Will Tyrant live on? Jump after the break.
“It’s very difficult to find common ground with other people whose stories we do not know or understand,” said FX head John Landgraf in a statement regarding his cancellation of Tyrant. “The creators of Tyrant have done their utmost over three seasons to tell American audiences a tiny fraction of the many gripping, human stories coursing through the Middle East today. We want to thank Howard Gordon, Chris Keyser and their talented team of collaborators, including all the writers, directors, cast and crew, as well as our studio partners at Fox 21 Television Studios, for taking on Tyrant’s tremendously ambitious story with such profound dedication and respect.”
With streaming services saving shows that were cancelled before their time, perhaps Tyrant will live on.
“We feel the show is a gem and we’d love to find a way to keep it in production,” said Fox 21 Television Studios head Bert Salke. “That said, we want to be realistic about its prospects. So for its loyal audience, tonight’s episode will be a satisfying end should the series not find another home, but also provides interesting possibilities should we be able to continue on some other platform.”

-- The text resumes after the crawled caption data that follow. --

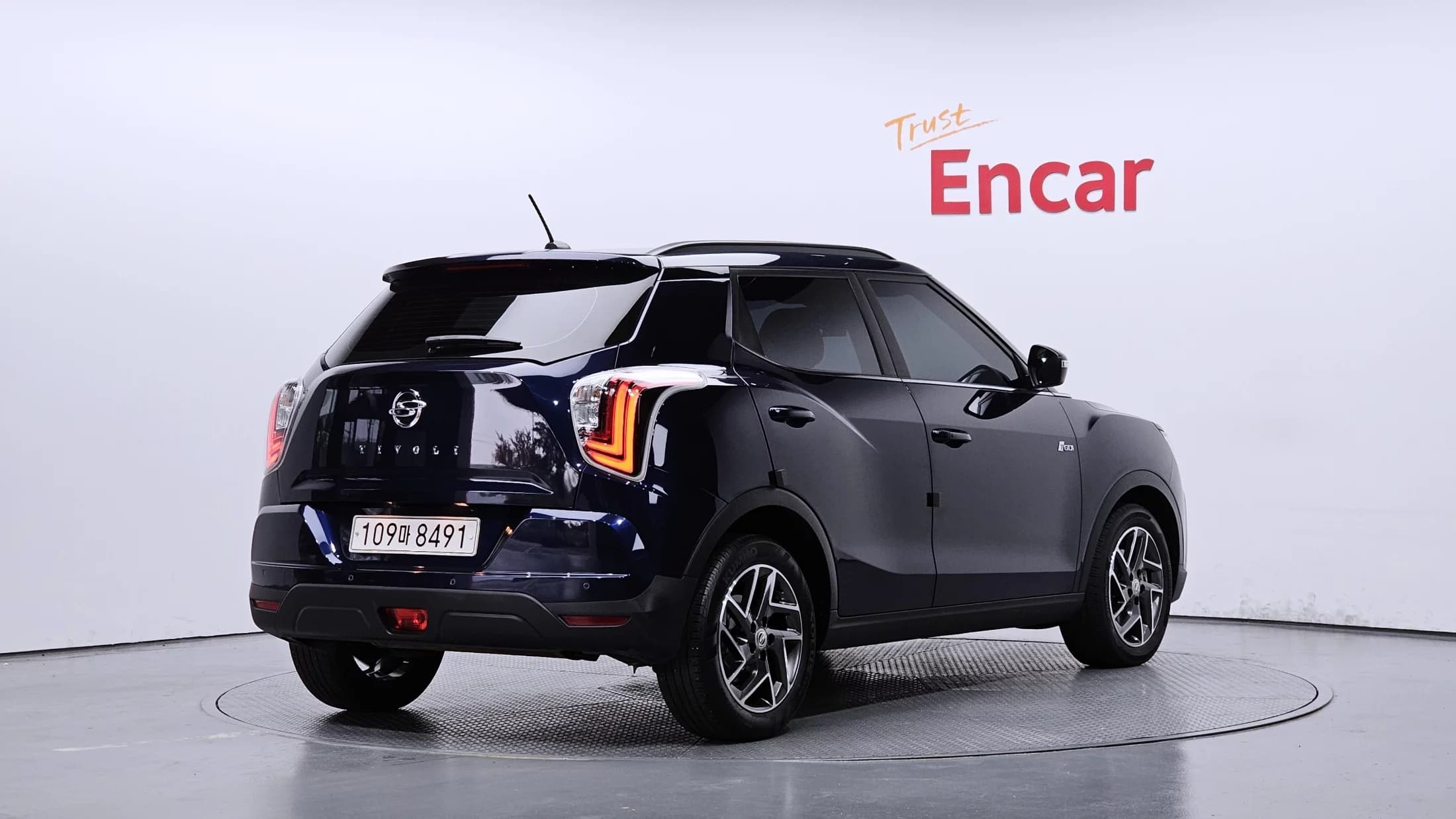 SsangYong TIBOLI Gasoline 1.5 2WD V3, 2021 г. 74234 км. — фото 2
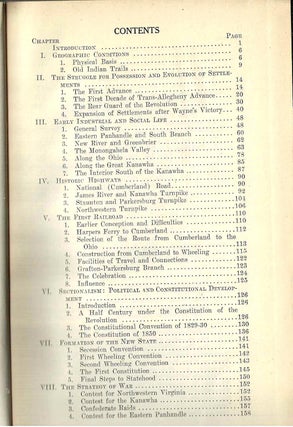 Semi-Centennial History of West Virginia: With Special Articles on Development and Resources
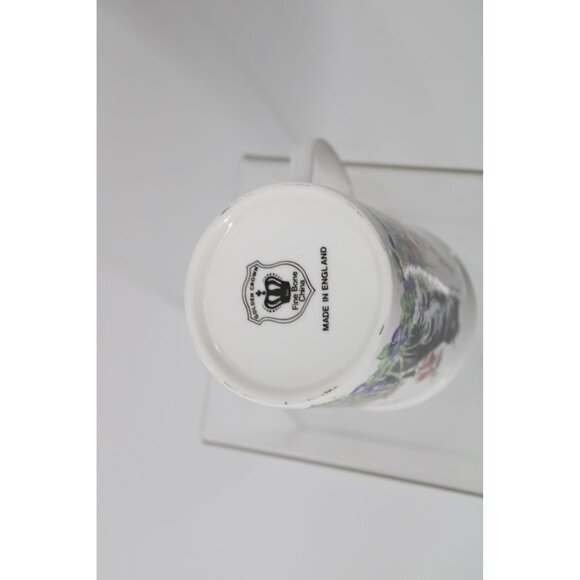 Golden Crown Tabby Cat Kitten Bone China Mug Cup Vintage 93731 - Picture 5 of 6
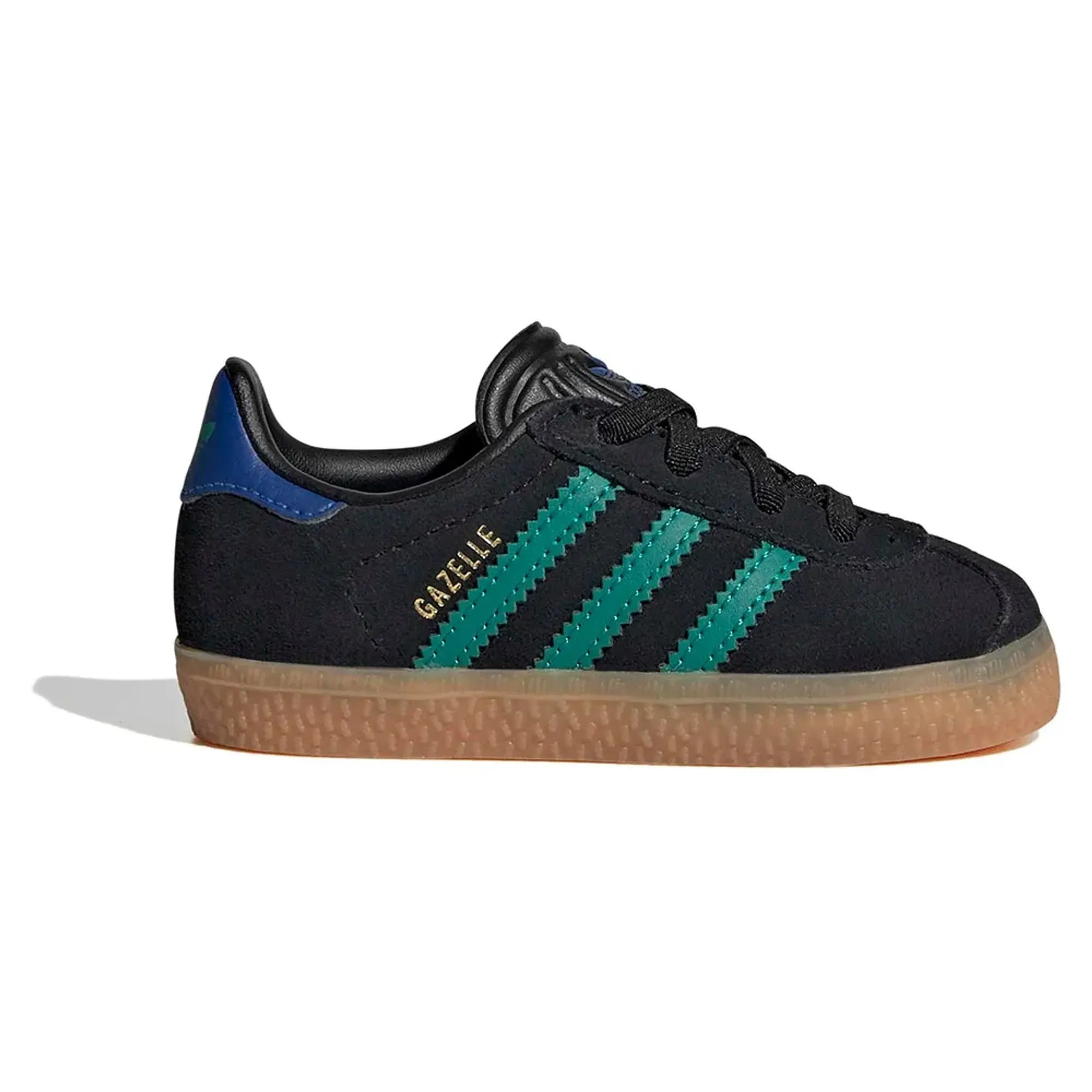 Adidas Originals Gazelle Comfort Closure Elastic Laces Trainers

In a post-mortem interview with Deadline, executive producer Howard Gordon supported Salke’s want to keep the show live. “Part of the challenge of this season [three] finale is that [EP] Chris [Keyser] and I wanted to write something that should this be the end it, would be a satisfying end. But, at the same time, we wanted to leave the door open for the possibility of telling the story more. Because we really do think there is more story to tell…Hulu, Amazon, or Netflix would be terrific places for the show. That’s probably the most likely option if there is another chance.”
In other words, time will tell. It would be fascinating to see Basam forge on with his revenge-based war with The Caliphate as Abuddin’s free elections remain indefinitely delayed. But if this is indeed the end, I can live with it. Though war was looming, a spring of hope blossomed right next to it, as Leila, Dailyah, and Fauzi continued their people-popular efforts of pushing peace in the region.